Tricksters David Maverick and Paul Carter spent weeks planning the scam using fake Cash on Delivery parcels and even buying 600 metres of brown paper wrapping.

They told police that they got the idea from an episode of the television series Hustle, said prosecutor Jolyon Perks at Teesside Crown Court.

They got victims to sign clipboard receipts printed First Choice Couriers and they demanded £20 payment for one parcel which contained just a battered box and another with a Batman jigsaw.

Carter, 17, who knocked on doors while Maverick, 20, sat outside in a blue van, at homes in Redcar, Ormesby and Eston.

Maverick told one 82-year-old woman that she had a parcel from Knitters Direct, but relatives contacted police concerned about the activities of the pair.

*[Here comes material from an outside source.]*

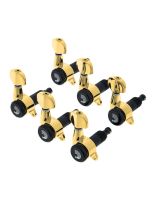 Купить Колки для гитары D'ADDARIO PWAT-6R3 AUTO-TRIM TUNING MACHINES (6 in-line, Gold)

Police caught them the same day, and in Maverick's van they found four undelivered parcels. In his home they discovered a large number of addresses, names and phone numbers which clearly were to be used in continuing the deceptions.

Robin Turton, defending Maverick, said: "They were two young men who had seen an episode of Hustle in which an incident of a similar thing takes place and they went on to consider putting together this scam.

"But they were not targeting pensioners. They went out during the day and it just so happens that the only people who were at home were elderly people."

Robert Mochrie, defending Carter, said that his client was being treated for depression over his fear at going to prison.

Maverick of High Street, Eston, and Carter of Millbrook Avenue, Middlesbrough, were both ordered to do 100 hours unpaid work with a 12 month community rehabilitation order with supervision after they pleaded guilty to five fraud offences committed on May 18 last year.